Thursday, 16 August 2012
Like Granny used to make.
There’s something very nostalgic and rewarding making your own jam.
Makes: 6 jars
Preparation time: 30 minutes
Cooking time: 30 minutes
What you need
1 kg (2¼lb) blackberries, picked over and any leaves discarded
1 kg (2¼lb) cooking apples, quartered, cored, peeled
300 ml (½pint) water
1.5 kg (3 lb 2 oz) granulated sugar
1 lemon, juice only
Small knob of butter, about 7 g (¼oz)
Wash jam jars and place upside down in the oven at 100c to dry thoroughly. Place a small plate in the fridge for testing the jam later.
Peel and cut the apples into blackberry-sized pieces and add to a preserving pan or the largest saucepan that you have. Add the water and start to simmer gently. Add the lemon juice to the pan and cook until the apples are soft – around 5-8 minutes depending on the jam. Add the blackberries, stir and take the pan off the heat.
Still with the pan off the heat, stir in the sugar, until it has almost dissolved.
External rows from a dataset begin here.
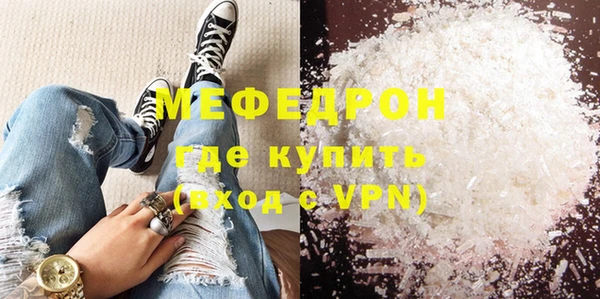 кокаин премиум Абдулино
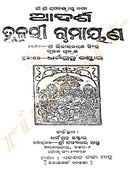 Oriya Tulasi Das Ramayan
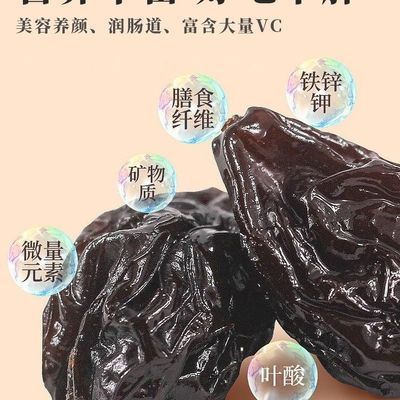 新疆特产风干西梅干无额外添加孕妇大西梅零食无添加梅子原味干果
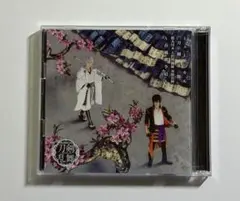 ミュージカル 刀剣乱舞 鶴丸国永 大倶利伽羅 双騎出陣 CD 2枚組
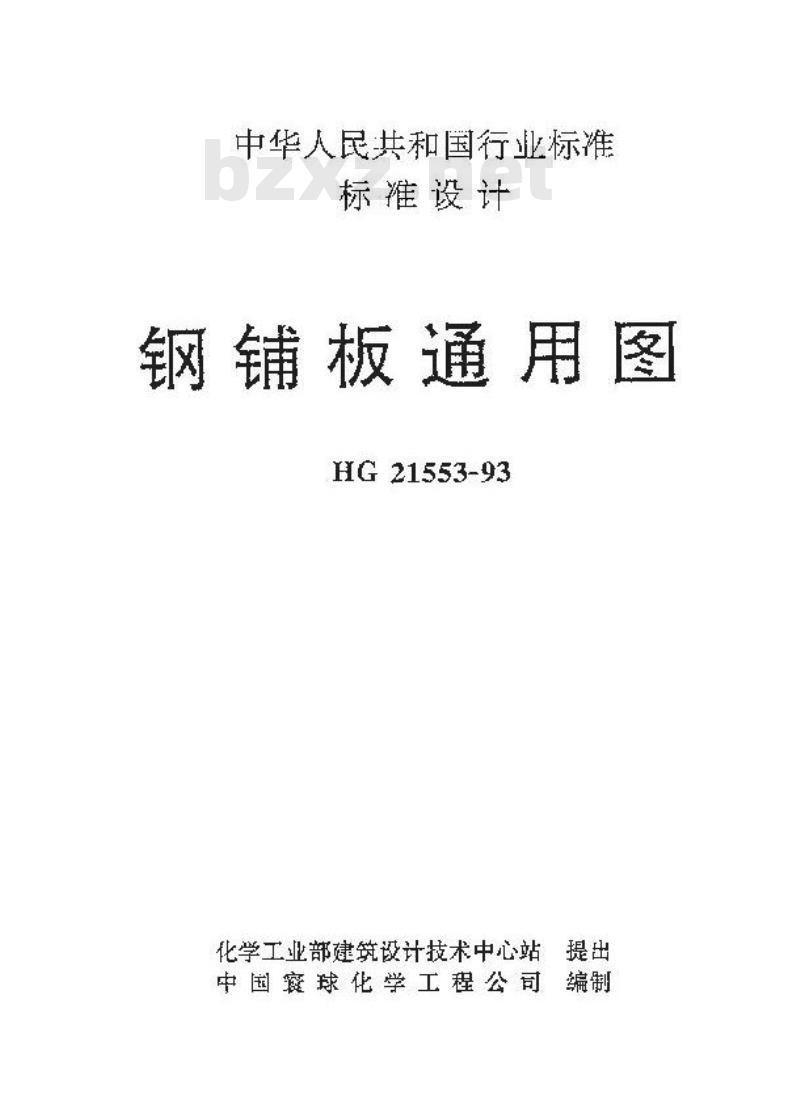 HG/T 21553-1993 钢铺板通用图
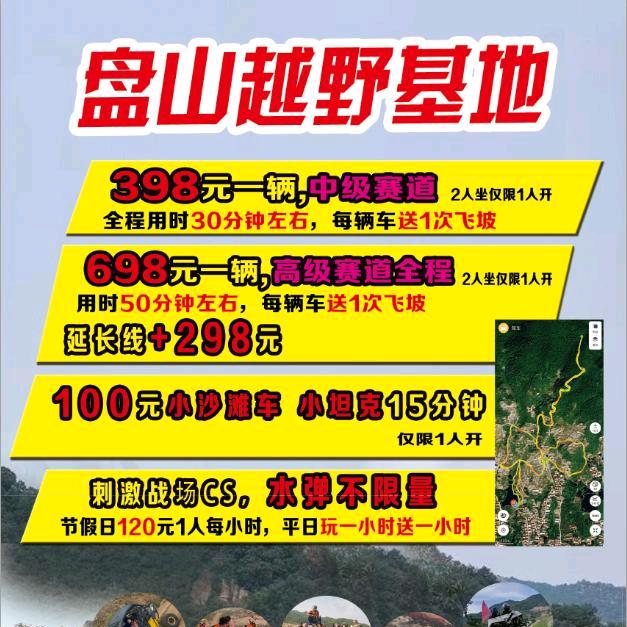 盘山越野基地俱乐部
You’ll know it’s dissolving when you don’t hear or feel the sugar scraping on the pan as much when you stir
When the sugar is almost completely dissolved, return the pan to the heat and bring to the boil. As it starts to boil, add the butter, which will help minimise and disperse any foam, which is a natural part of jam making.
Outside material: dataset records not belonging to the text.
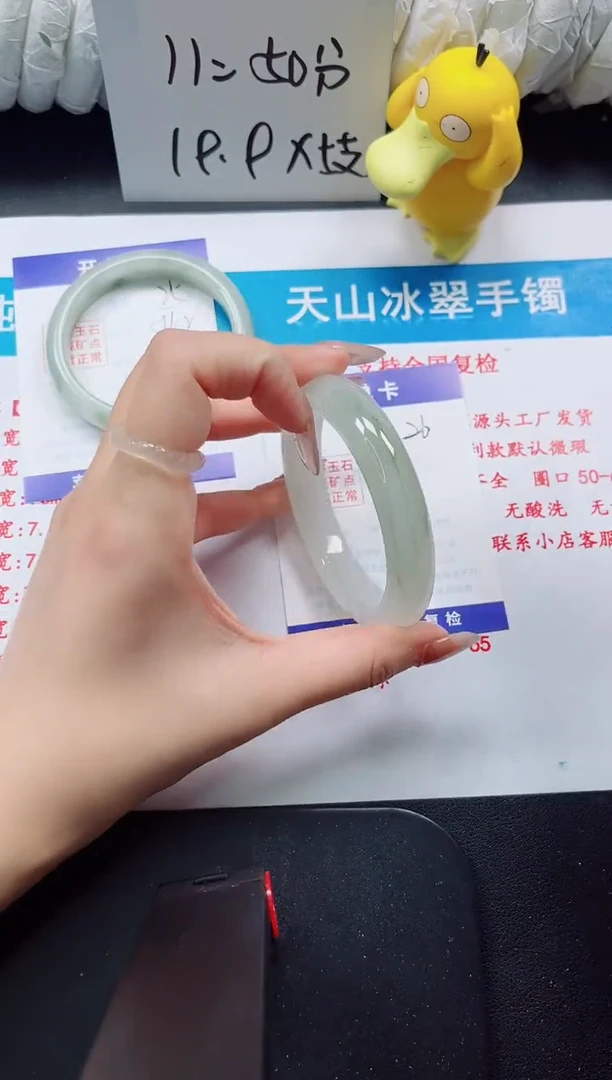 【闪购商品】石英质玉手镯未镶嵌26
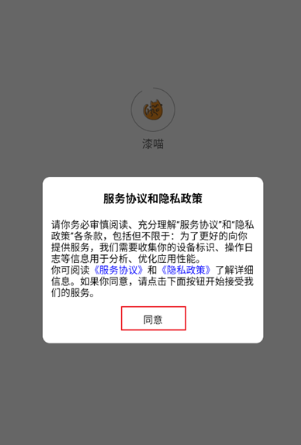漆喵软件库免费版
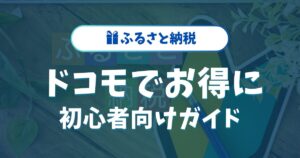 ふるさと納税をドコモでお得に！初心者向け完全ガイド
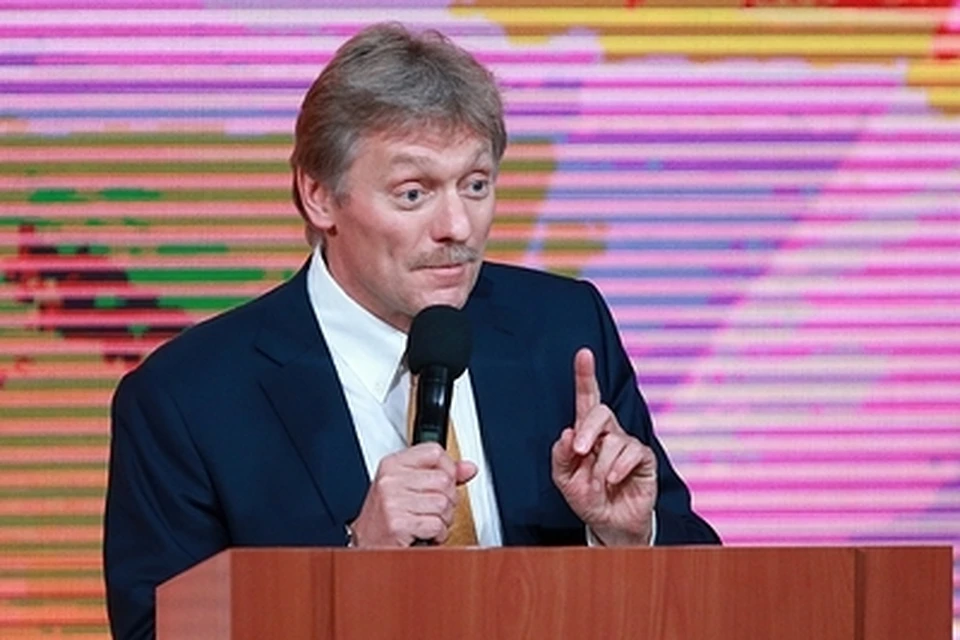 Пресс-секретарь президента России Дмитрий Песков
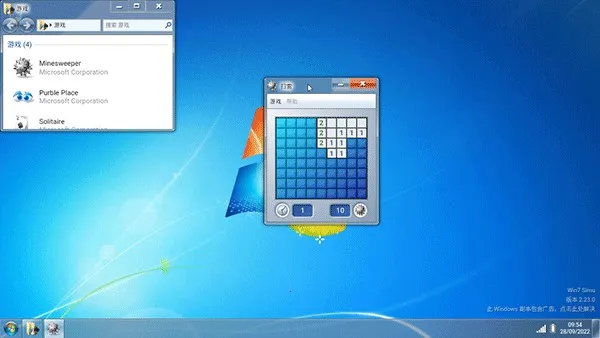Win7 Simu(win7模拟游戏) Win7 Simu(win7模拟游戏)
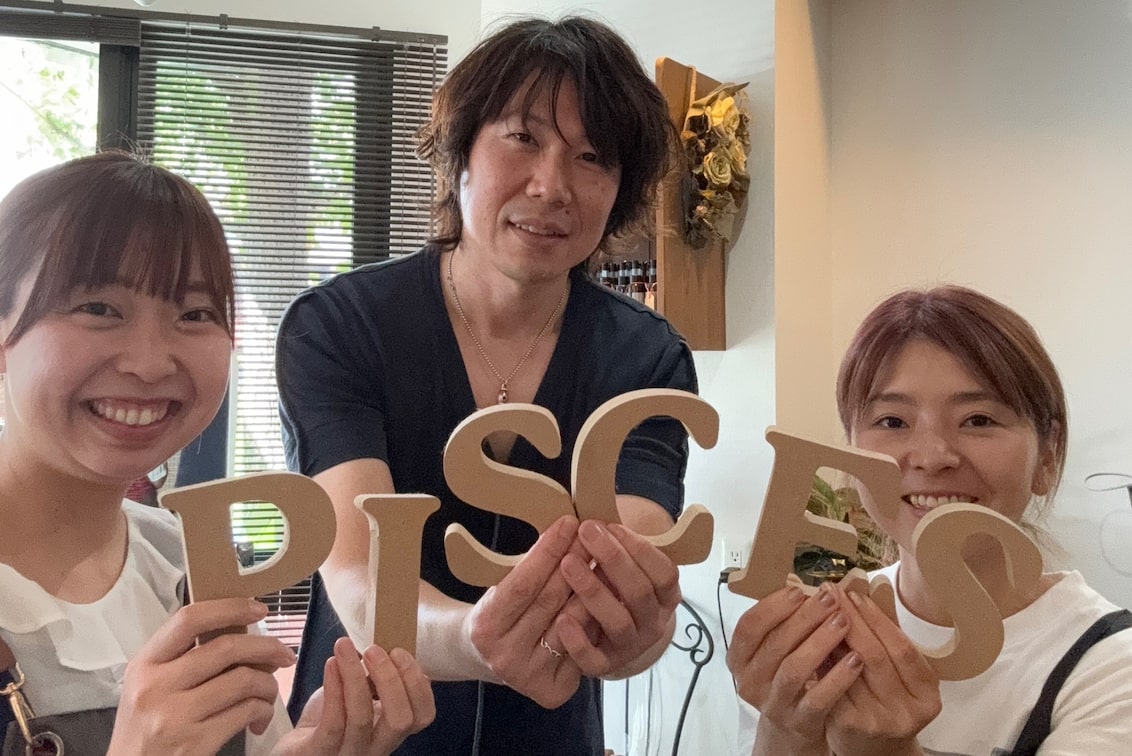 髪質改善 pisces(髪質改善pisces)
Bring to a rapid, rolling boil for 15 minutes. Don’t be afraid of the rolling boil, this is crucial to producing a jam that will set.
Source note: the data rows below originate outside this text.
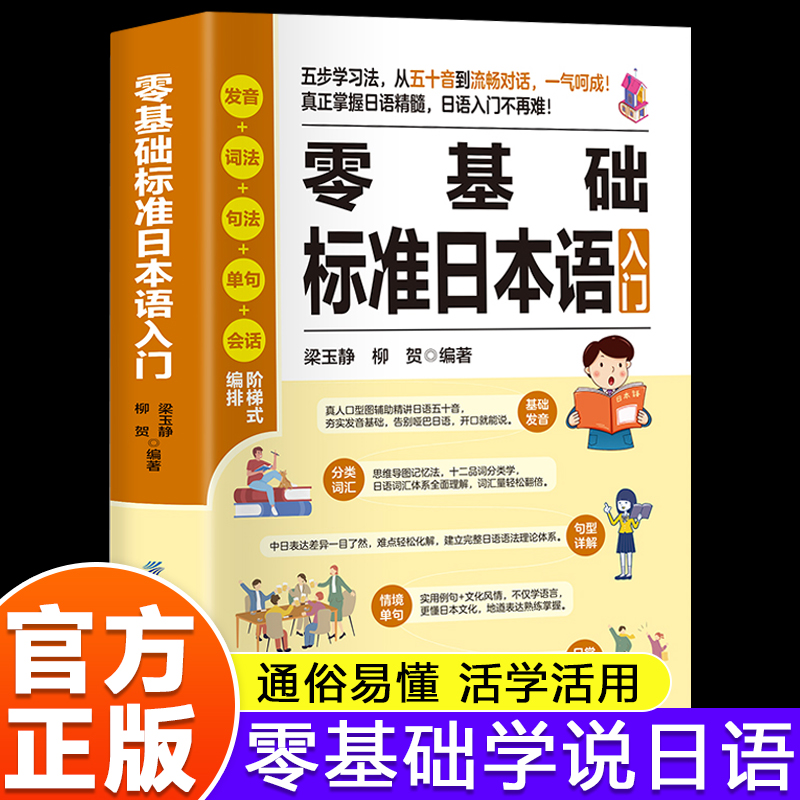 零基础标准日本语入门 日语自学教材零基础入门书日语单词语法学习教程日语自学书日语五十音会话学习资料日语零基础课程日语速成
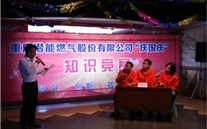 重庆JDB电子网址燃气公司举行“庆国庆”知识竞赛活动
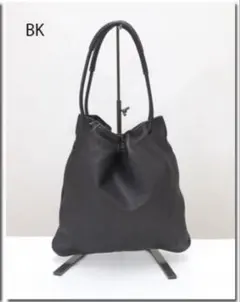 ❇︎極美品❇︎モノノグ ボストンバッグ ショルダーバッグ 2WAY A4 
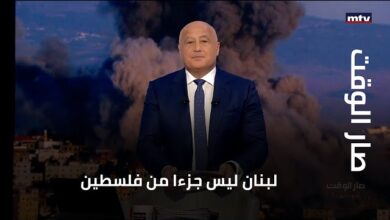 مارسيل غانم في مقدمة "صار الوقت": ما يحصل على مواقع التواصل من فلتان أخلاقي، لا مثيل له!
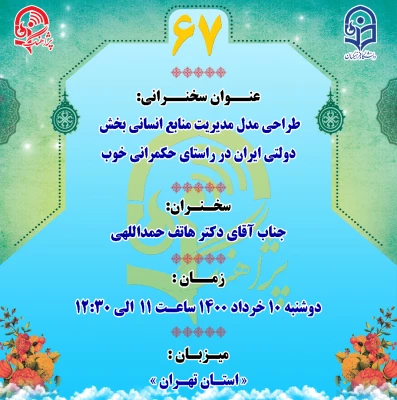 "پژآهنگ شصت و هفتم" برگزار می شود: 2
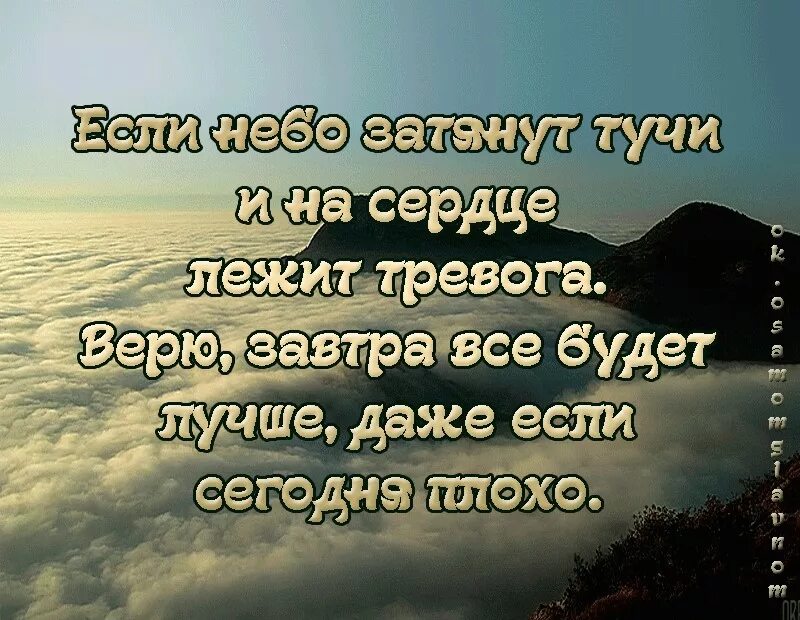 А в жизнь надо верить. Всё будет хорошо цитаты. Надо верить в лучшее цитаты. Надо верить в хорошее. Верь в лучшее цитаты.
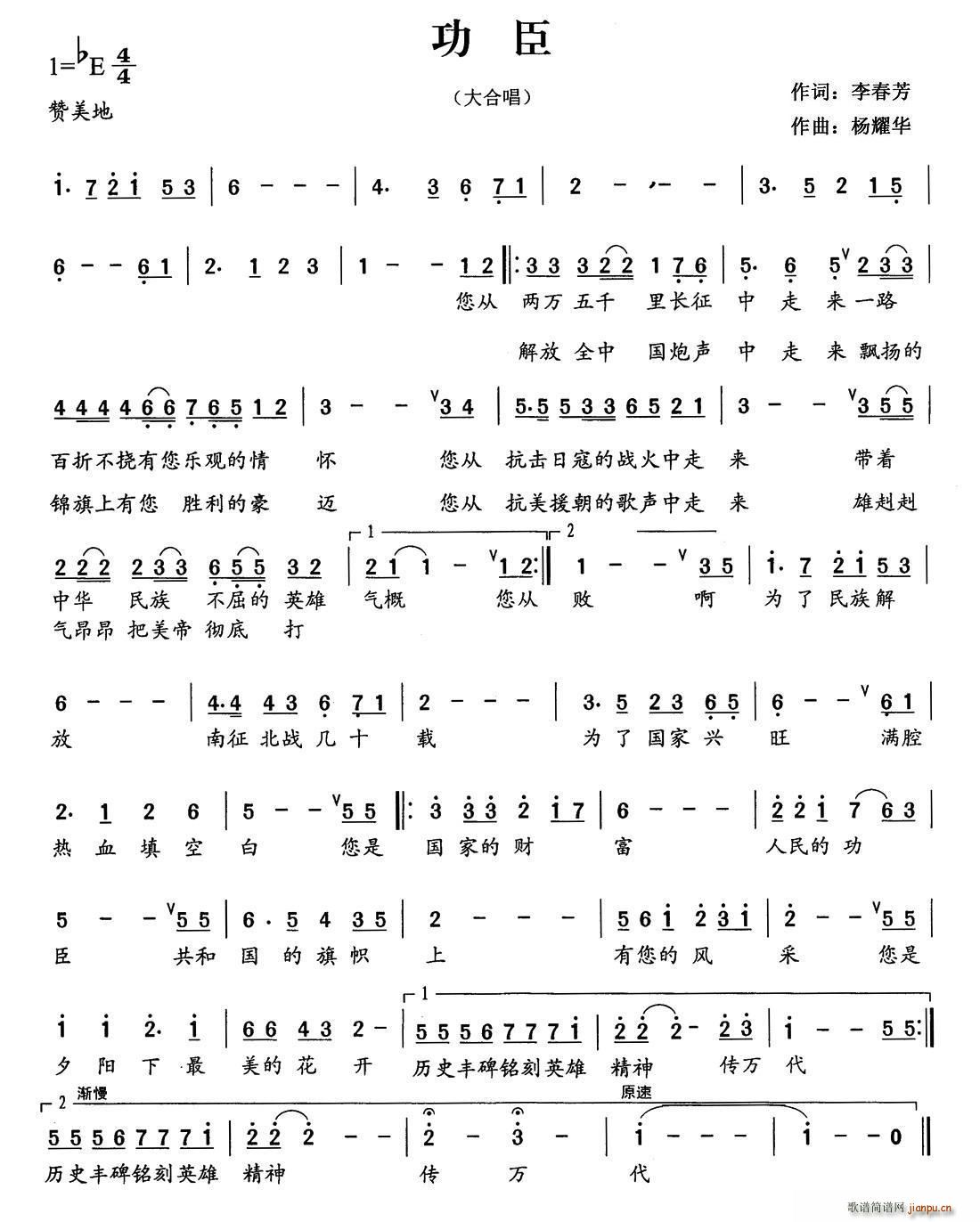 功臣(二字歌谱)1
Spoon a little jam on to a chilled saucer, as soon as it is cool, run a finger through the jam so that the saucer is visible. If the finger line remains and the jam wrinkles it is ready, if not boil a little longer and try again.
Ladle into the hot jars and fill until almost full to allow for shrinkage as the jam cools. If you’re sealing the traditional way, cover the surface of each jar with a waxed disc, with the shiny side downwards. Rinse a cellophane circle with a little water then put wetted side uppermost over the top of the jar and secure with an elastic band or add a screw topped lid. Label and leave to cool.